Volume 4,Issue 3
Digital Mediation and Multilingual Ecological Restructuring in Hainan: From Layered Equilibrium to Platform-Induced Hierarchy
This article examines how digital platform infrastructures restructure multilingual ecologies in frontier regions, using Hainan Island as a case study. Historically, Hainan sustained a layered multilingual equilibrium in which Hlai (Li), Hainanese (Southern Min), and Mandarin occupied differentiated social domains. Functional specialization and spatial segmentation enabled asymmetrical yet stable coexistence without large-scale structural convergence. However, the rise of digitally mediated communication introduces a qualitatively distinct organizing principle.
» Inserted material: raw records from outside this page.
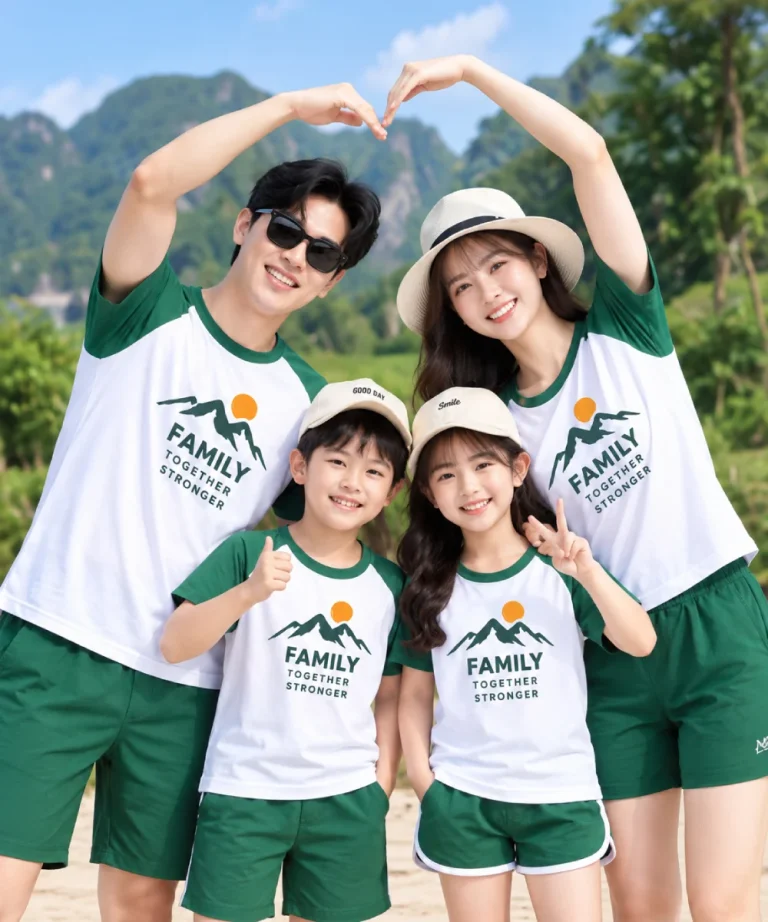 Áo đồng phục Teambuilding Gia đình Cùng nhau vượt thử thách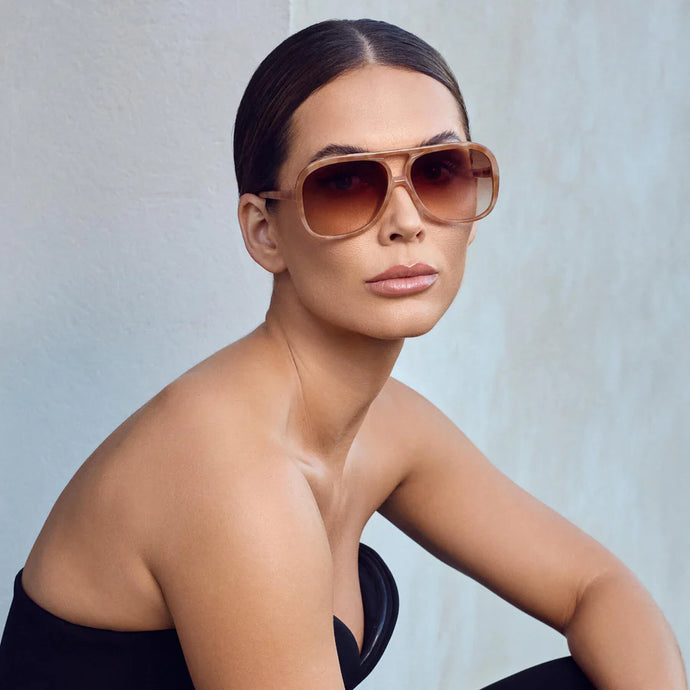 Valley Eyewear Bang Bang Pastel Tort w. Gold Metal / Dark Orange Gradient Lens Arriving End Aug Hyde Boutique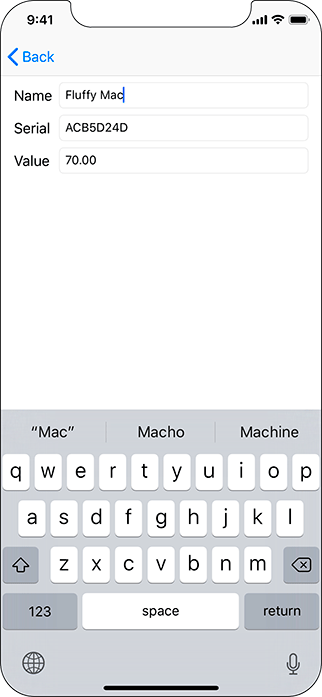 Keyboard appears when a text field is touched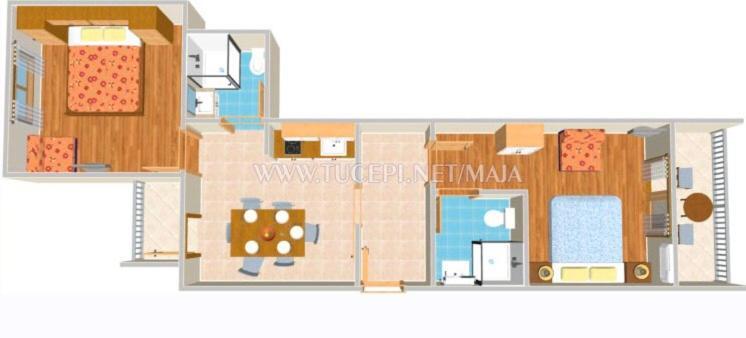 Apartments Maja Tučepi Exteriör bild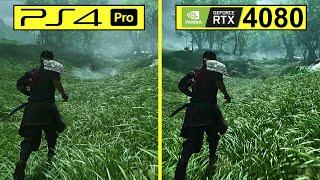 Ghost of Tsushima Director's Cut PS4 Pro vs PC RTX 4080 4K Ultra Graphics Comparison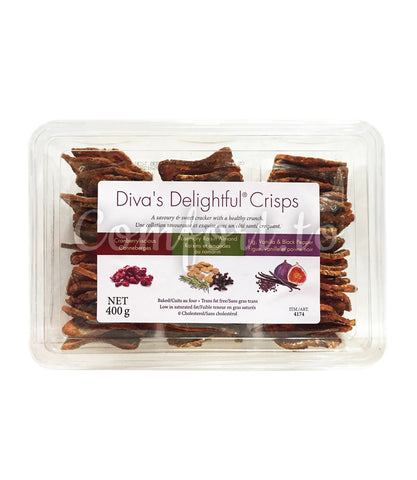 Diva's Delightful Crisps, 400 g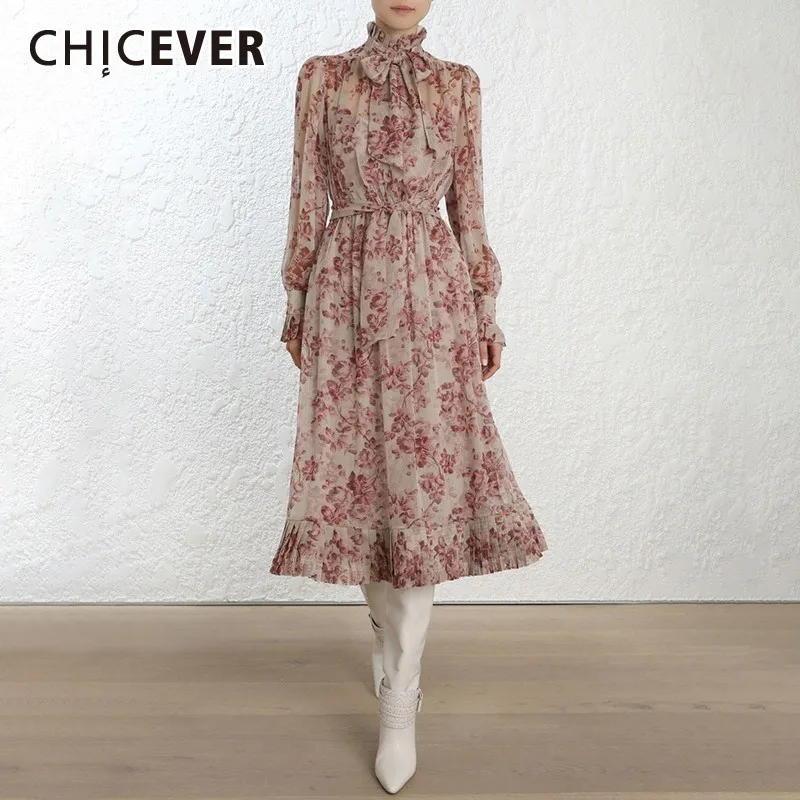 CHICEVER Summer Straight Ruffles Female Dress Bow Collar Lantern Sleeve Bandage Bow Prairie Chic Dresses Women Fashion New 2019
CHICEVER Summer Straight Ruffles Female Dress Bow Collar Lantern Sleeve Bandage Bow Prairie Chic Dresses Women Fashion New 2019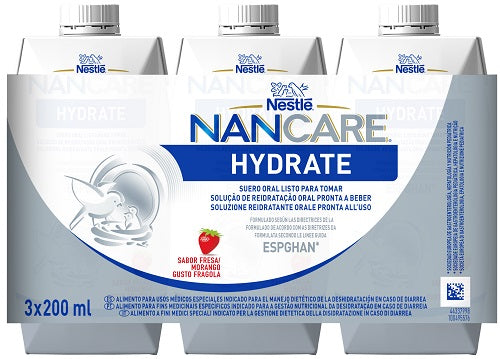 NANCARE HYDRATE LIQUIDO 3X200ML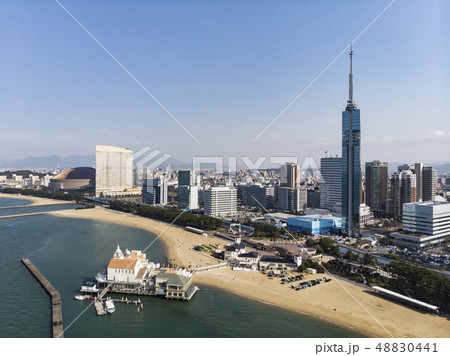 福岡タワー　ドローン 48830441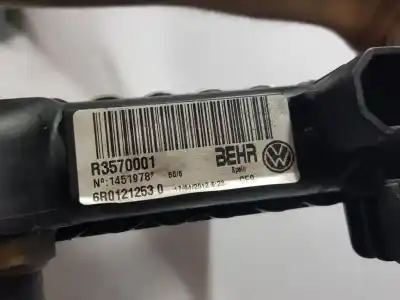 Second-hand car spare part water radiator for seat ibiza (6j5) stylance / style oem iam references 6r01212530  r3570001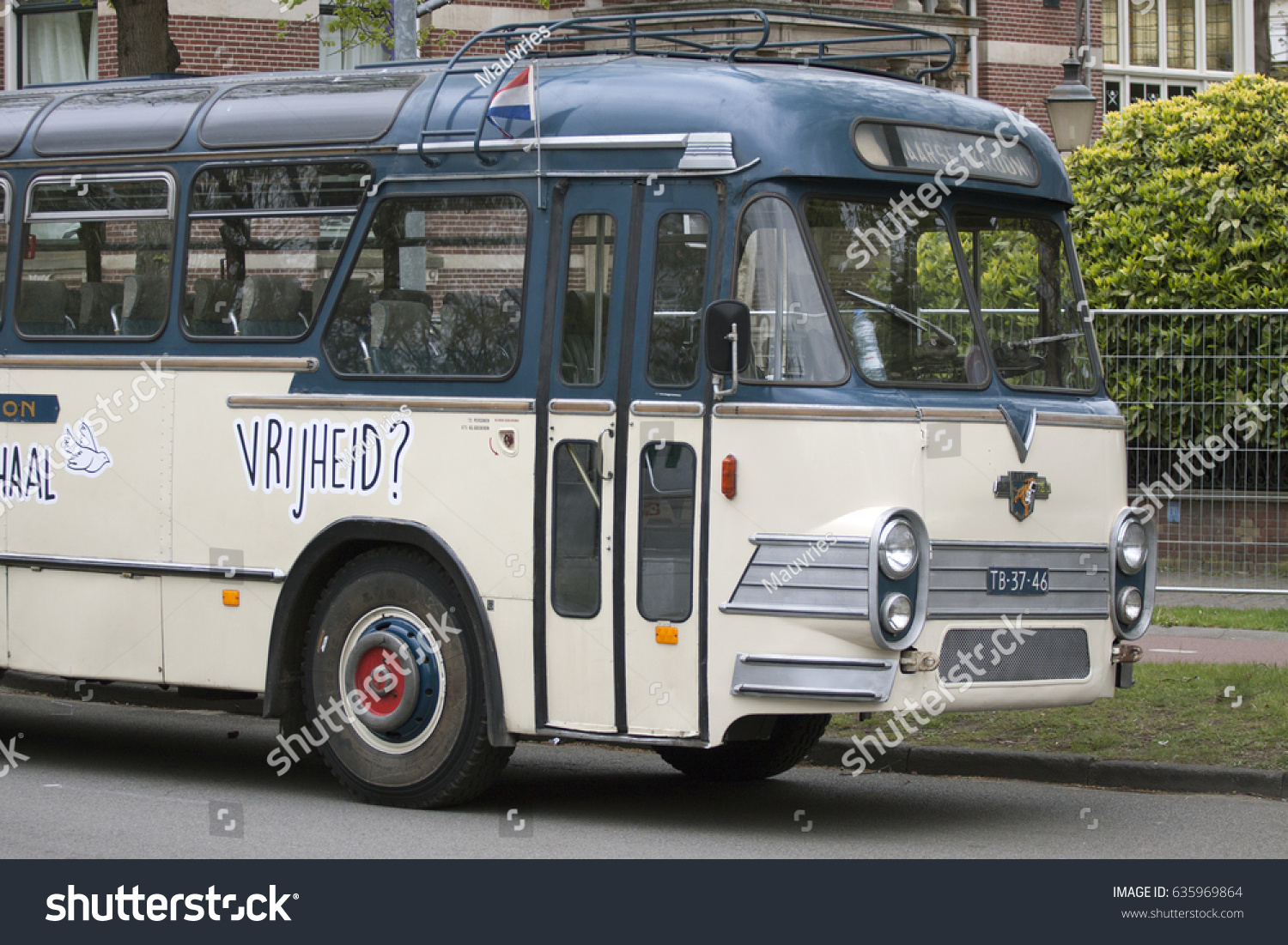 Haarlem Netherlands May 52017front Vintage Leyland Stock Photo 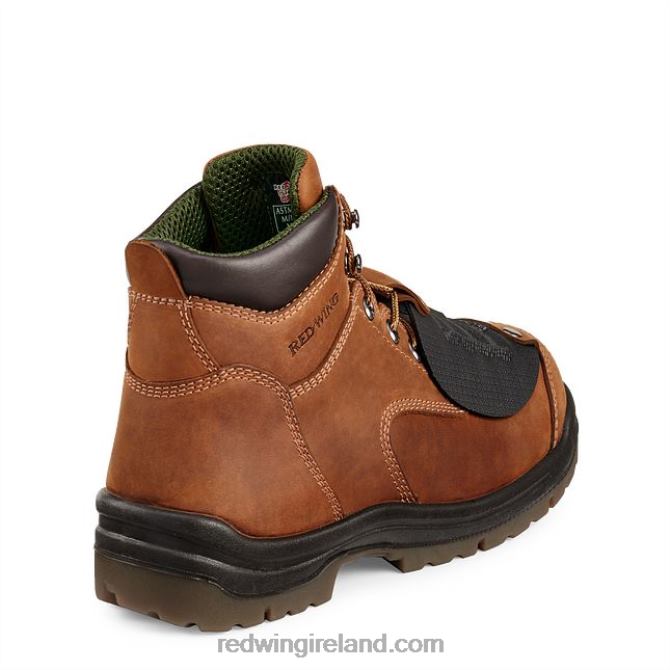 Work - Style 6674 TruHiker Men's 6-inch Waterproof Safety Toe Hiker Boot Red Wing 2N8V8112 Brown
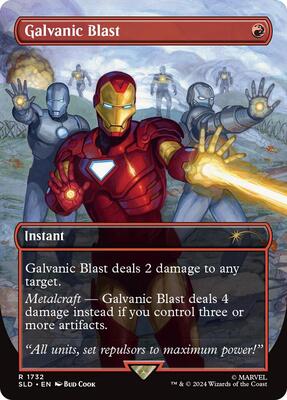 Galvanic Blast card from Secret Lair Drop Series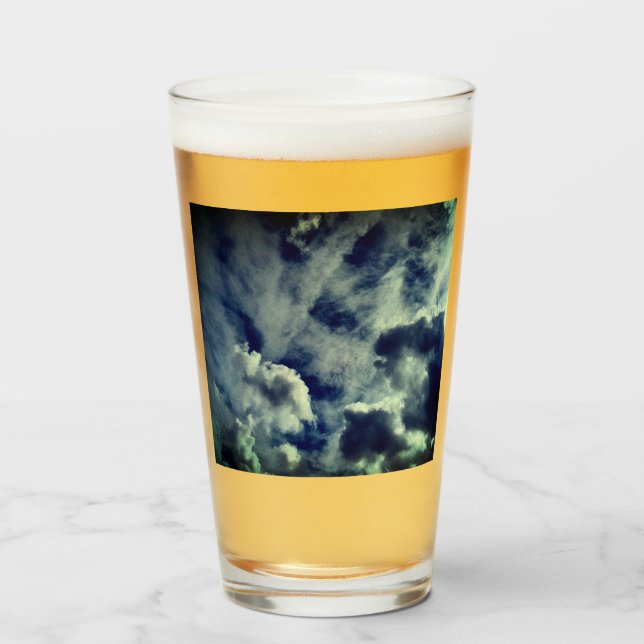 Mönster i molnen glaskopp (Framsida fylld)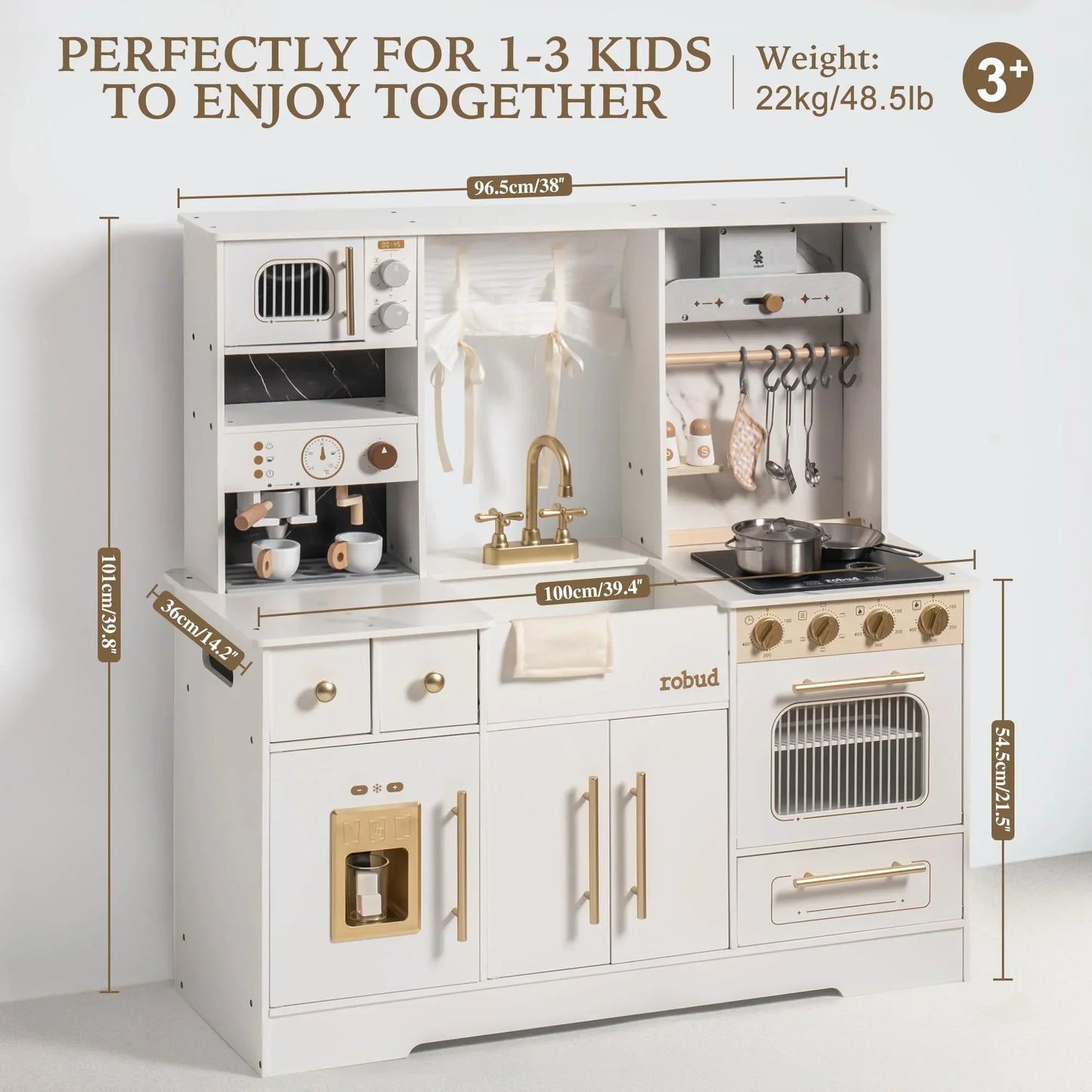 Deluxe Pretend Kitchen Set for kids
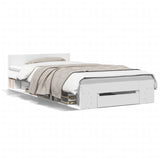 Bed Frame with Drawer without Mattress White 90x190 cm Single 3280783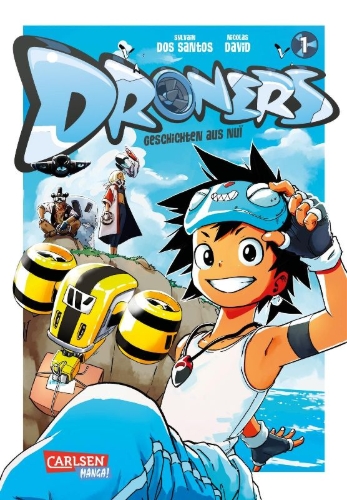 Buchcover und Innenansicht für das Buch: Droners - Tales of Nui
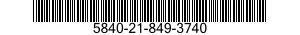 5840-21-849-3740  5840218493740 218493740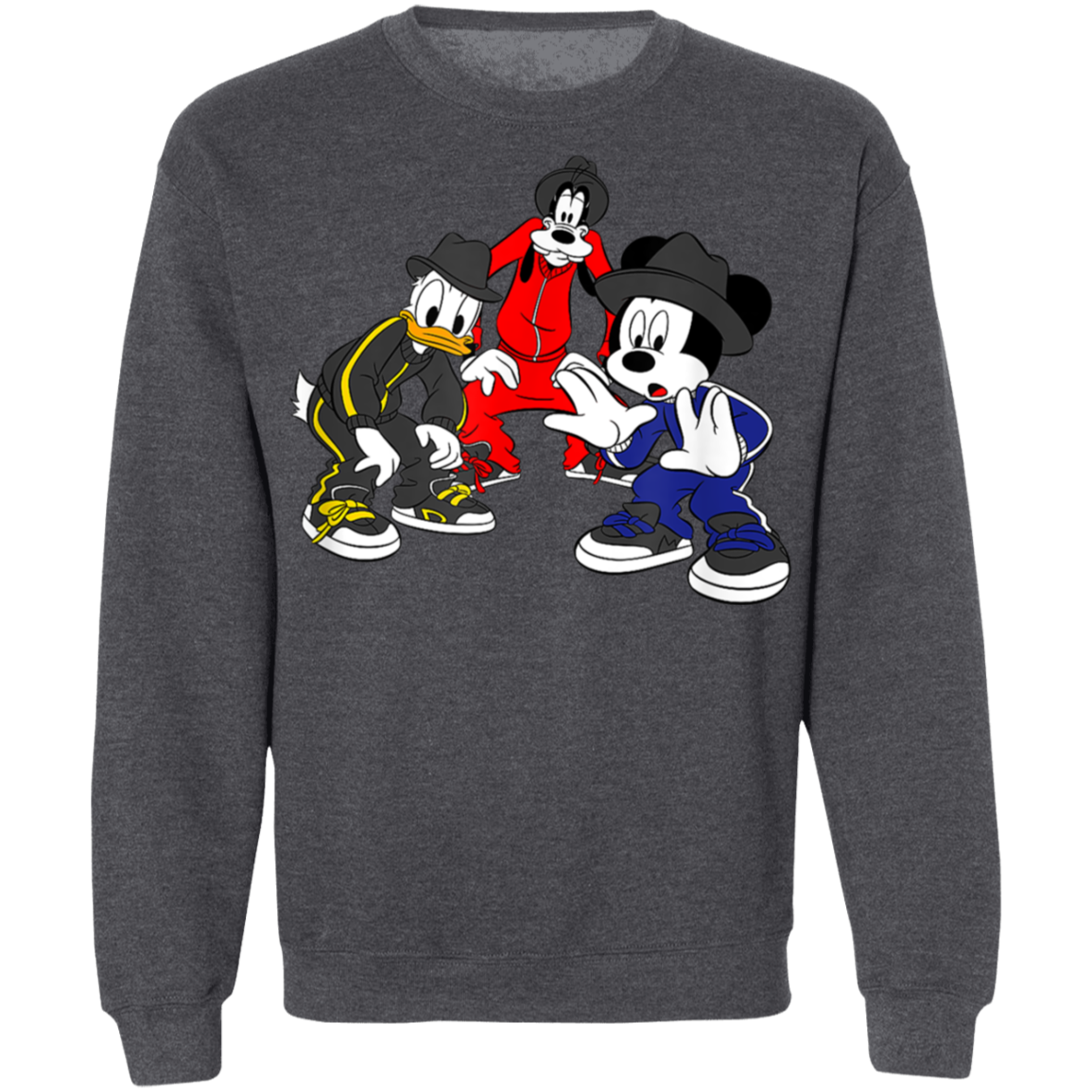 "CARTOON CYPHA" Crewneck Pullover Sweatshirt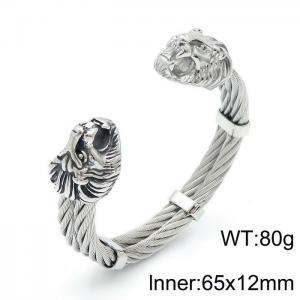 Stainless Steel Wire Bangle - KB144754-KFC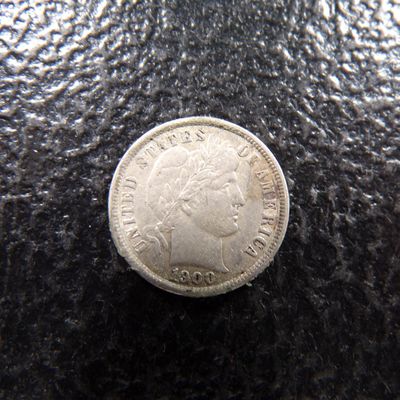 1900 HIGH GRADE BARBER SILVER DIME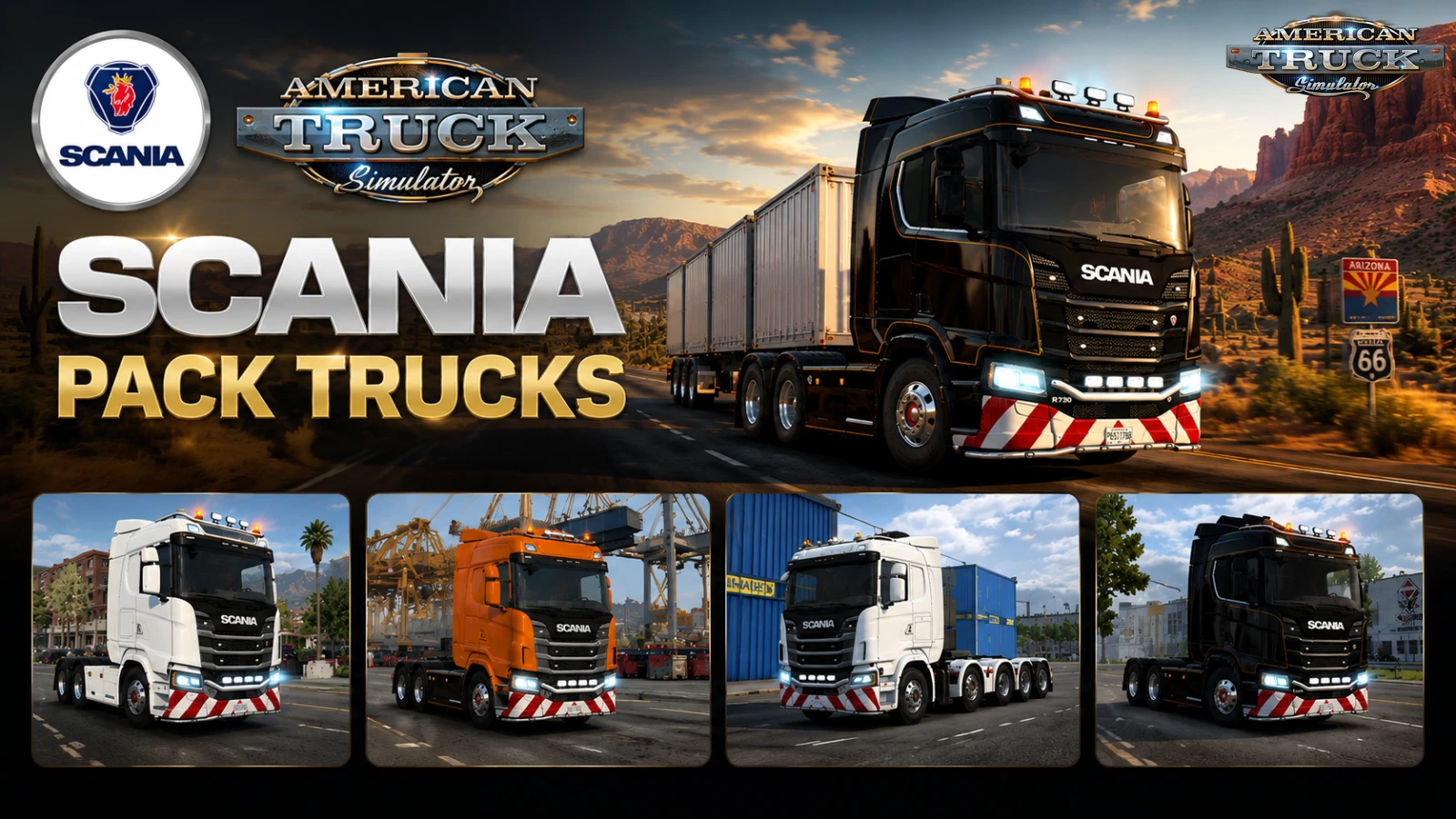 Scania Pack Trucks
Rather than distributing linguistic authority across socially negotiated domains, digital platforms centralize visibility through interface design, algorithmic amplification, and technological standardization. Drawing on sociolinguistic scaling theory and platform studies, this study proposes the Digital Multilingual Ecological Shift Model (DMESM), which conceptualizes the transition from domain-based equilibrium to platform-induced hierarchy. The analysis demonstrates that minority languages such as Hlai face cumulative infrastructural constraints, including limited orthographic standardization, lack of input system integration, and reduced algorithmic visibility. As governance, commerce, and education increasingly migrate online, linguistic vitality becomes dependent not only on intergenerational transmission but on infrastructural embedding. The findings suggest that digitalization constitutes structural ecological reordering rather than communicative expansion. The model offers a framework for analyzing digitally mediated multilingual inequality beyond the Hainan context and contributes to the theoretical extension of contact linguistics into the era of platform governance.